[[ Input records, beginning ]]

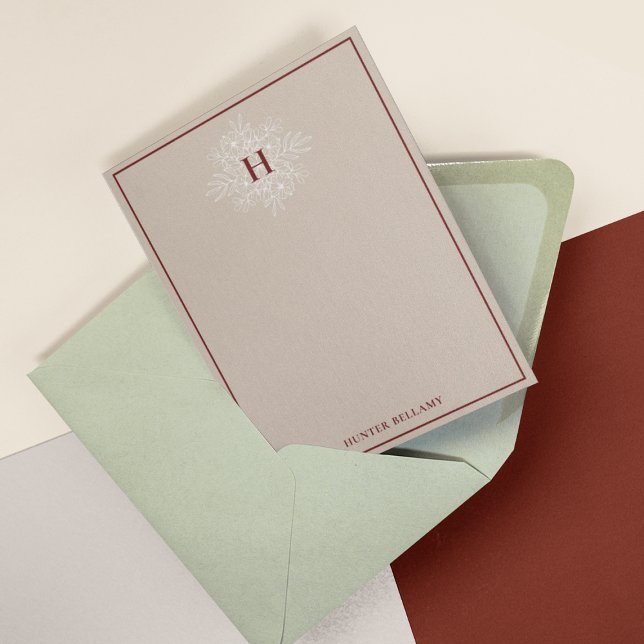 Cartão De Notas Tan Marsala Delicate Floral Monograma (Criador carregado)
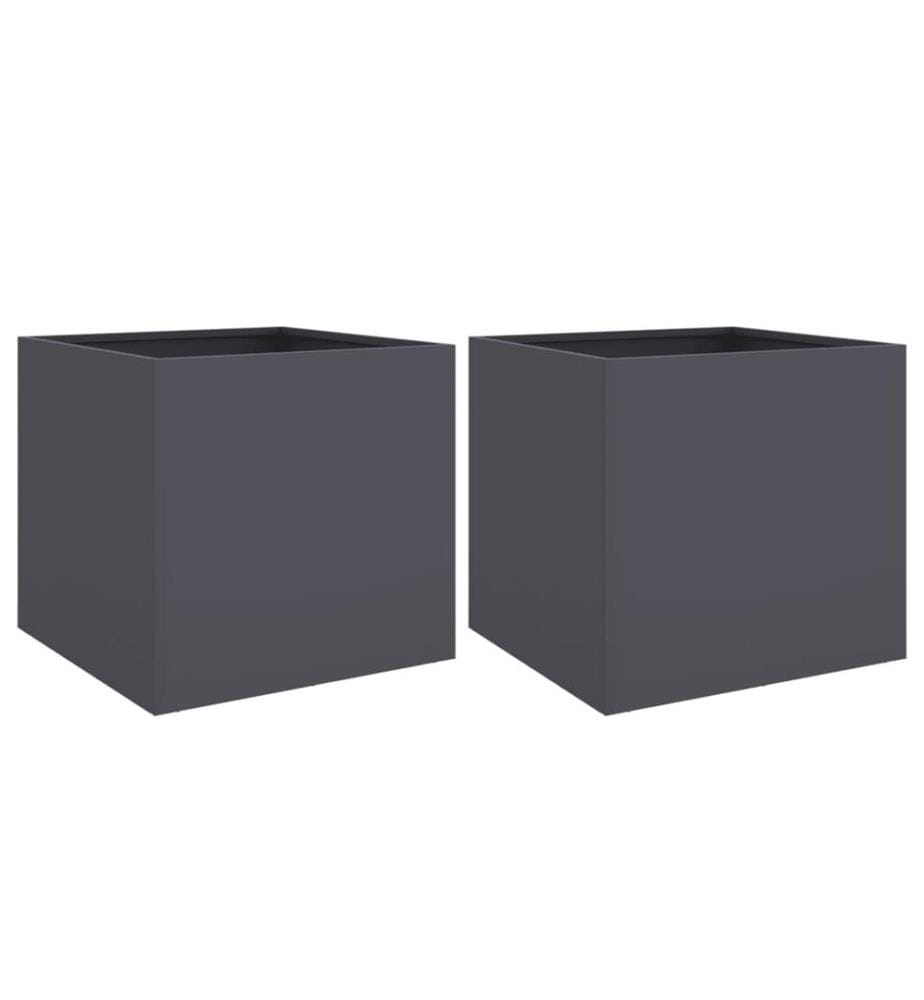 Jardinières 2 pcs anthracite 49x47x46 cm acier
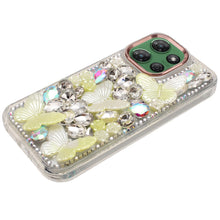 For Moto G Power 2025 Case Bling Diamond Large Butterflies Cover +Tempered Glass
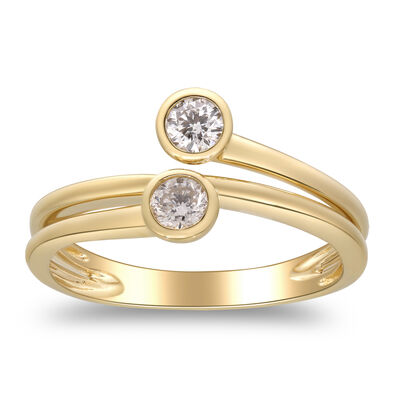 Diamond Bezel Wrap Ring in 10K Yellow Gold (1/3 ct. tw.)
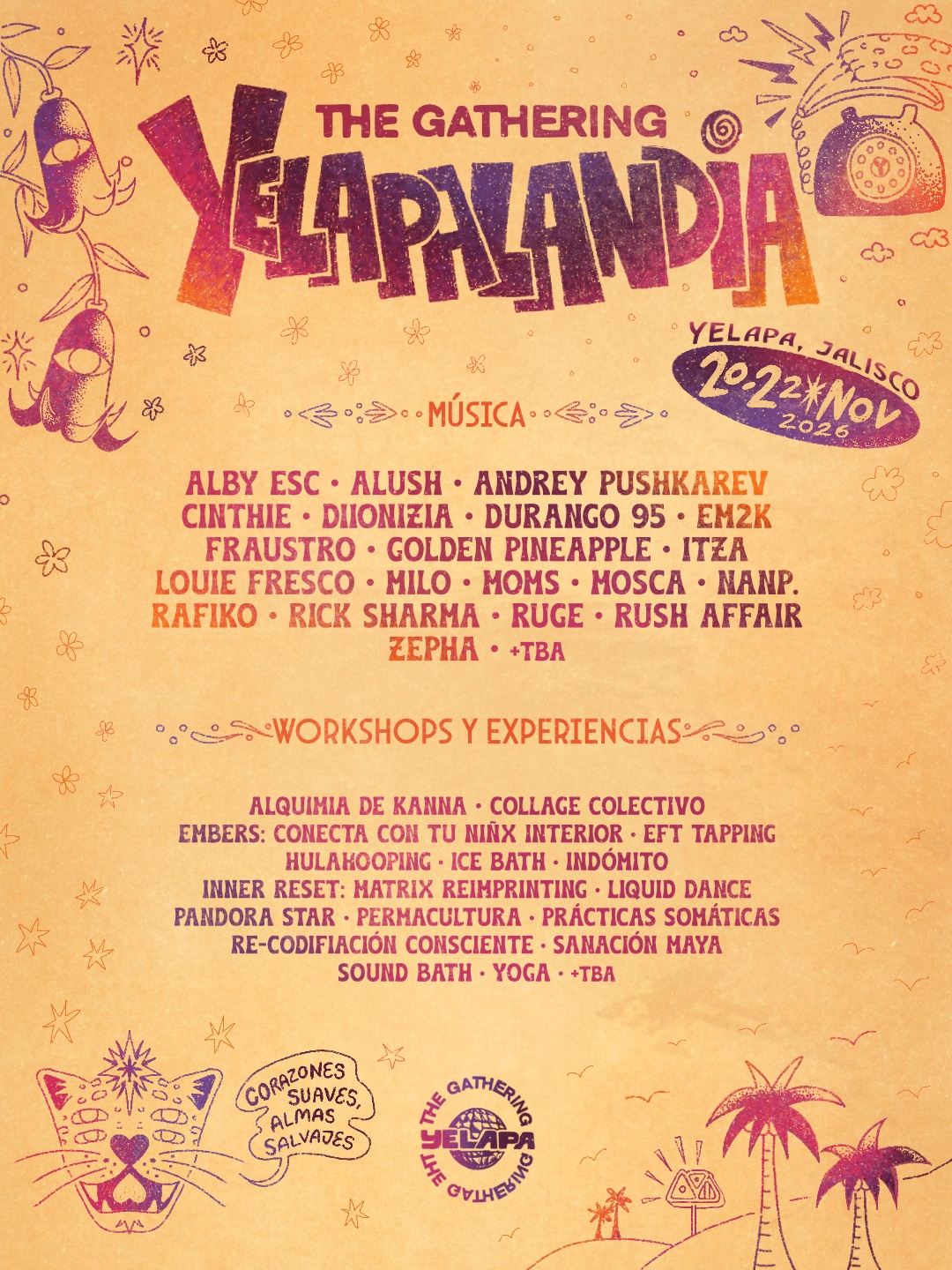 Cartel oficial de la primera fase del lineup de The Gathering Yelapa 2026, del 20 al 22 de noviembre en Yelapa, Jalisco.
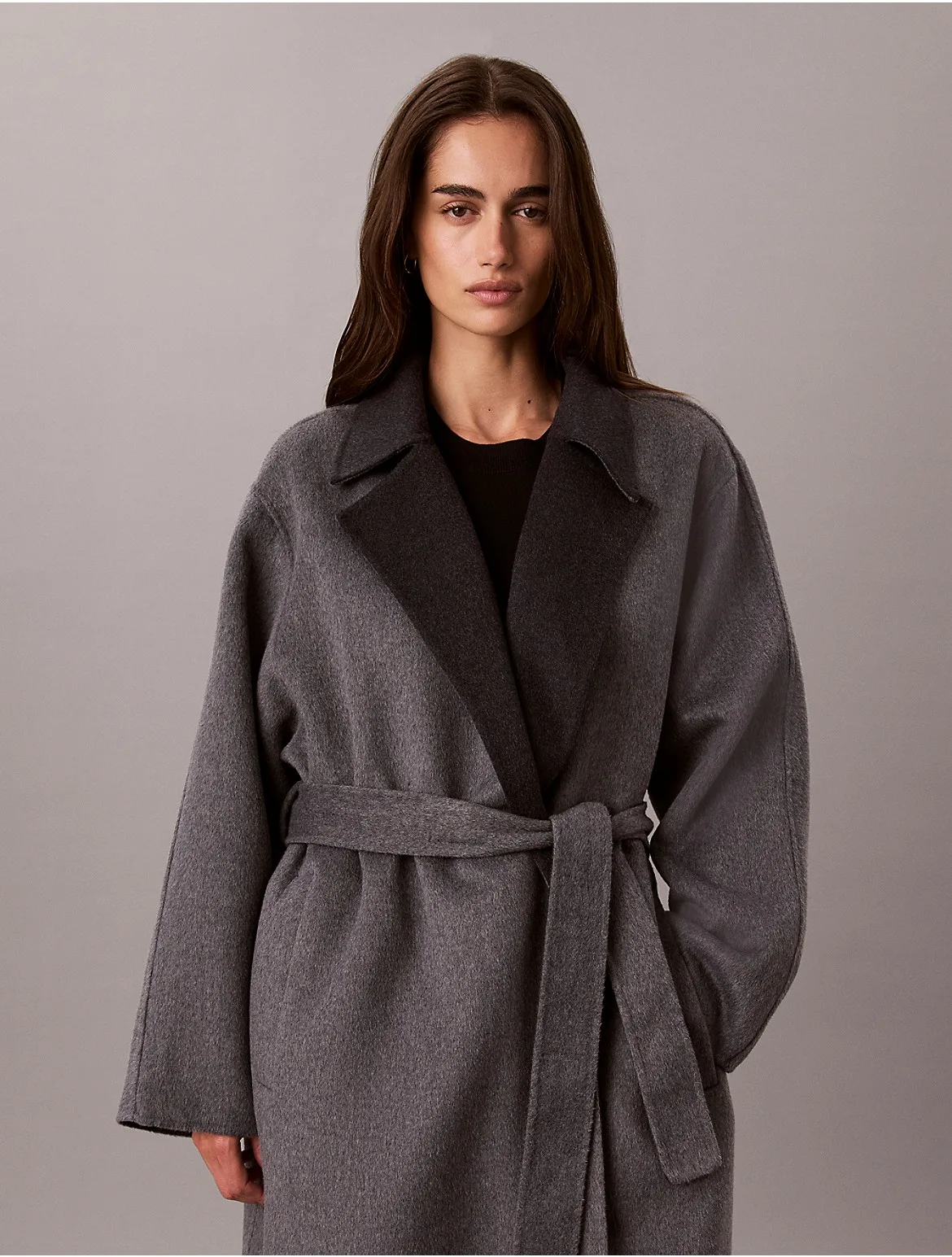 Melange Wool Blend Wrap Coat by Calvin Klein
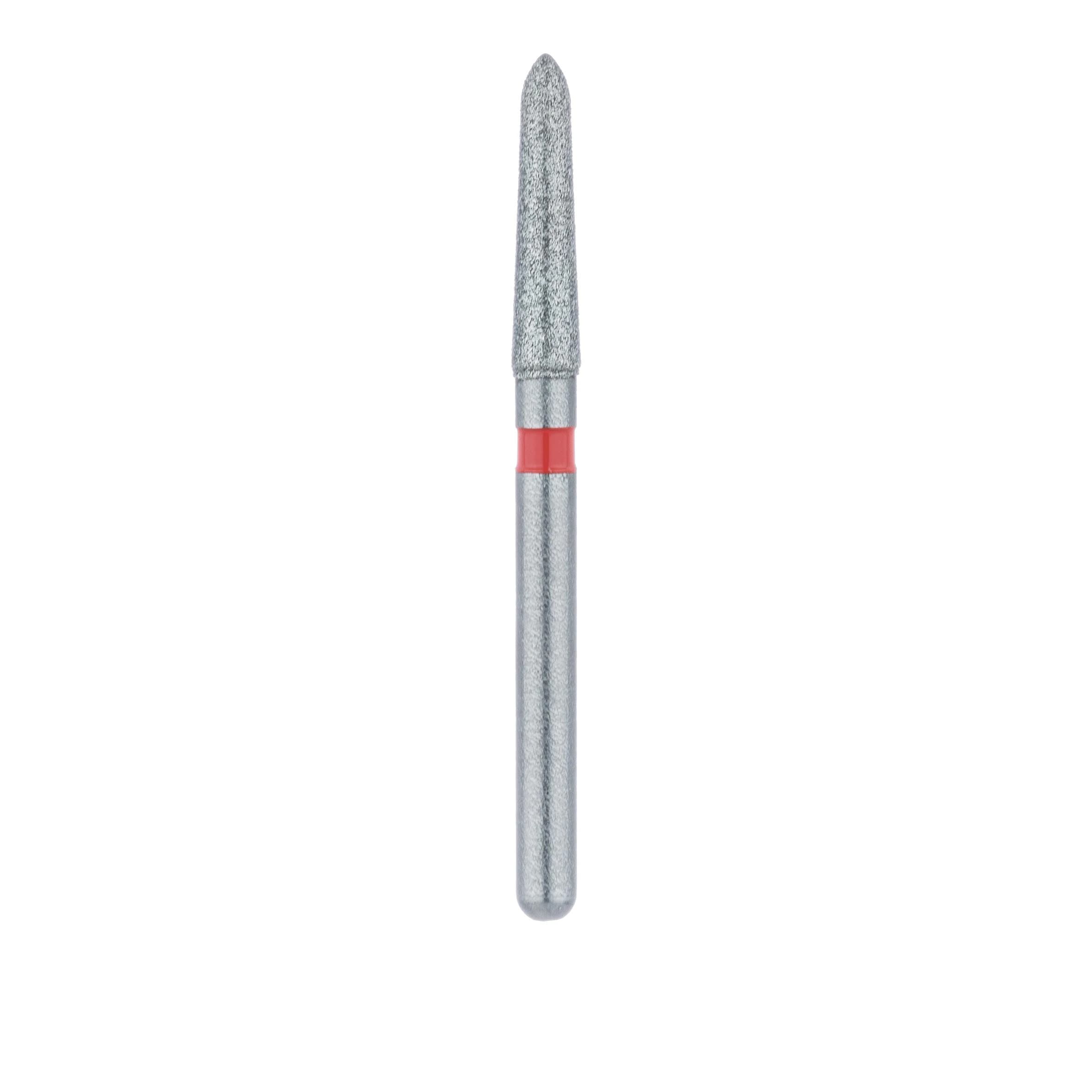 Meisinger 878F-018-FG Fine Grit Friction Grip Diamond Bur, Tapered Torpedo/Modified Chamfer, 1.8 mm Head Diameter, 8.0 mm Head Length, Red Ring, 5/Pkg thumbnail 2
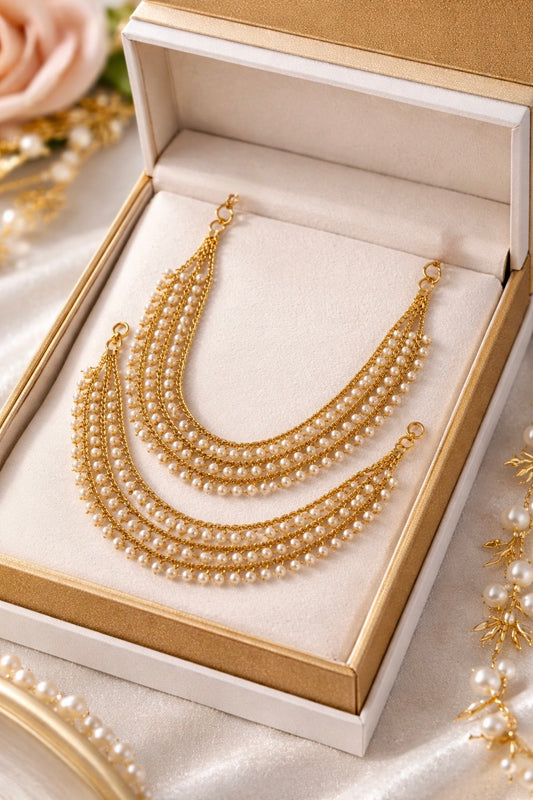 Elegant 3-Layer Pearl Ear Chain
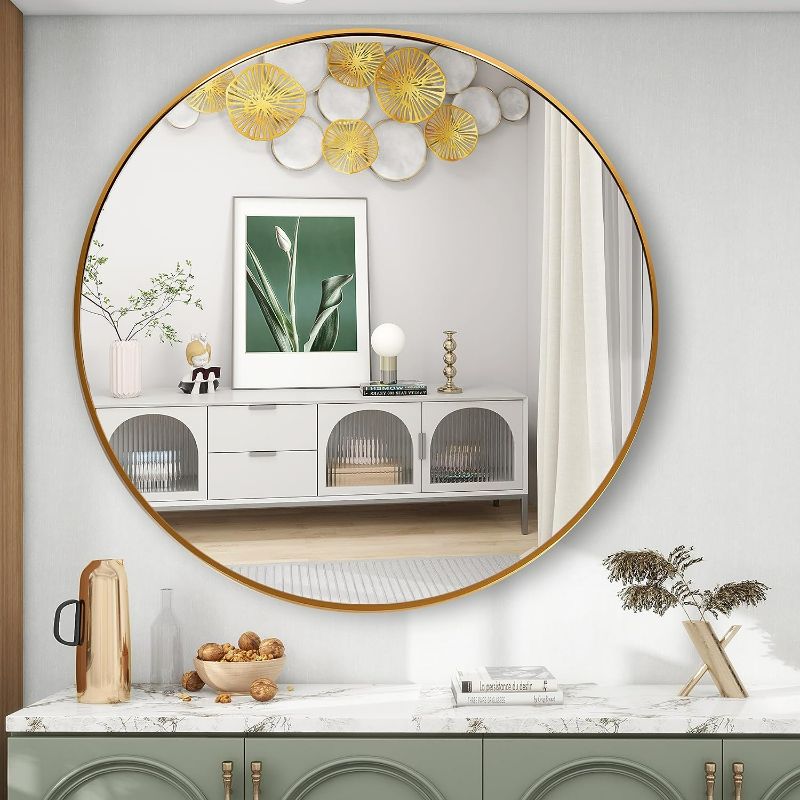 Photo 1 of FANYUSHOW 20 Inch Round Mirror Gold Metal Frame Circle Mirror for Bathroom, Wall Mounted Circle Mirror for Bathroom,Living Room,Entryway,Dining Room,Bedroom Wall Decor Mrror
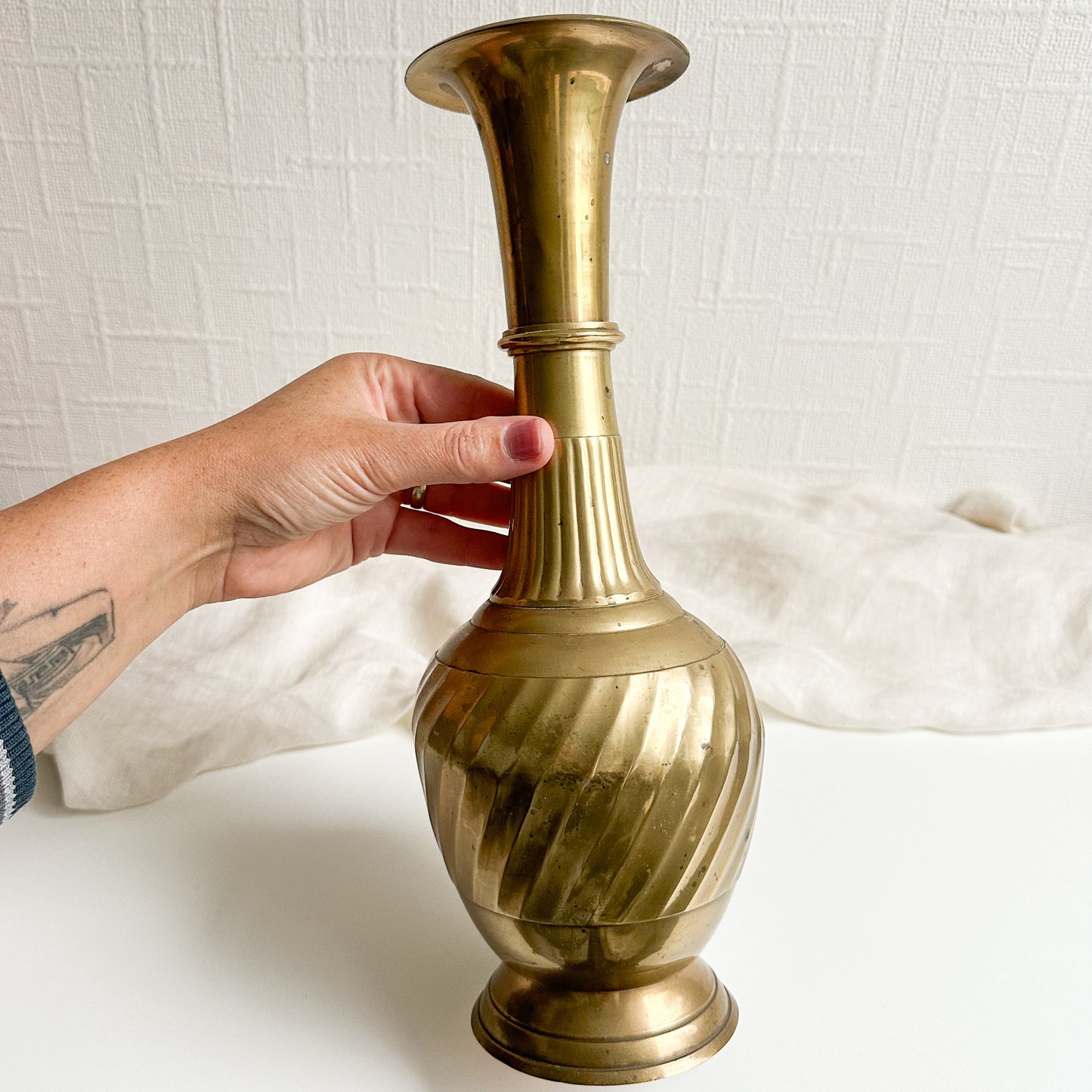 Tall Brass Vase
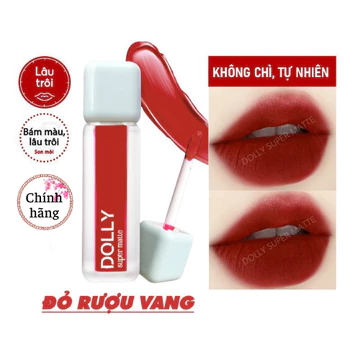 Son Lì, Kem DOLLY SUPER Không Chì Cao Cấp chính hãng <Màu Đỏ Rượu Vang >
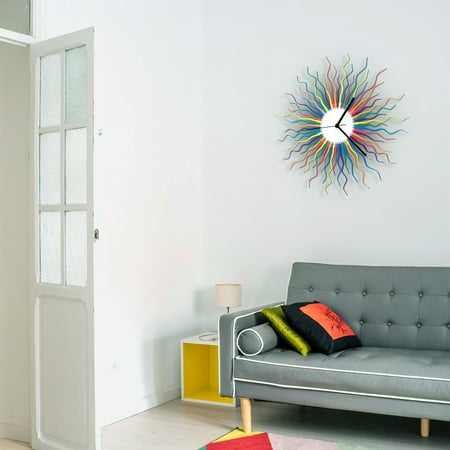 Ardeola - Medusa Rainbow XL - 23.5 in Analog Battery Powered Boho Sunburst Wall Clock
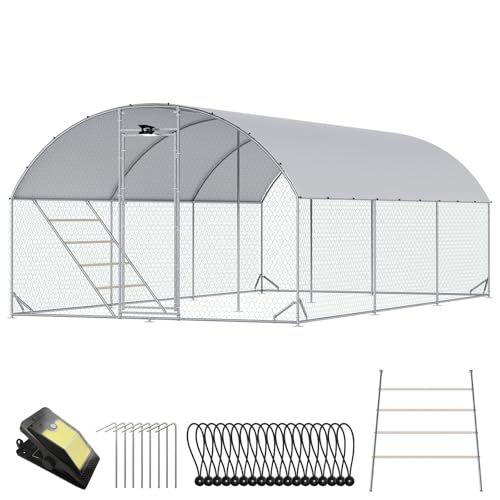 CHIKENCOOP 19.5x6.5x6.6ft Metal Chicken Coop, Full-Cover 3-Room Chicken Run | Upgraded three-room walk-in run with continuous waterproof UV-resistant cover, solar light, rear supports, and lower braces - size: 239.0"L x 118.0"W x 78.0"H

[[ Input records, end ]]

▶ [Directions]
Please reproduce the entries from above exactly; images are not part of the copy.

▶ [Response area]
 Cartão De Notas Tan Marsala Delicate Floral Monograma (Criador carregado)
 Jardinières 2 pcs anthracite 49x47x46 cm acier
 For Moto G Power 2025 Case Bling Diamond Large Butterflies Cover +Tempered Glass
 Diamond Bezel Wrap Ring in 10K Yellow Gold (1/3 ct. tw.)
 Cartel oficial de la primera fase del lineup de The Gathering Yelapa 2026, del 20 al 22 de noviembre en Yelapa, Jalisco.
 Melange Wool Blend Wrap Coat by Calvin Klein
 Meisinger 878F-018-FG Fine Grit Friction Grip Diamond Bur, Tapered Torpedo/Modified Chamfer, 1.8 mm Head Diameter, 8.0 mm Head Length, Red Ring, 5/Pkg thumbnail 2
 Elegant 3-Layer Pearl Ear Chain
 Photo 1 of FANYUSHOW 20 Inch Round Mirror Gold Metal Frame Circle Mirror for Bathroom, Wall Mounted Circle Mirror for Bathroom,Living Room,Entryway,Dining Room,Bedroom Wall Decor Mrror
 Tall Brass Vase
 Son Lì, Kem DOLLY SUPER Không Chì Cao Cấp chính hãng <Màu Đỏ Rượu Vang >
 Ardeola - Medusa Rainbow XL - 23.5 in Analog Battery Powered Boho Sunburst Wall Clock
 CHIKENCOOP 19.5x6.5x6.6ft Metal Chicken Coop, Full-Cover 3-Room Chicken Run | Upgraded three-room walk-in run with continuous waterproof UV-resistant cover, solar light, rear supports, and lower braces - size: 239.0"L x 118.0"W x 78.0"H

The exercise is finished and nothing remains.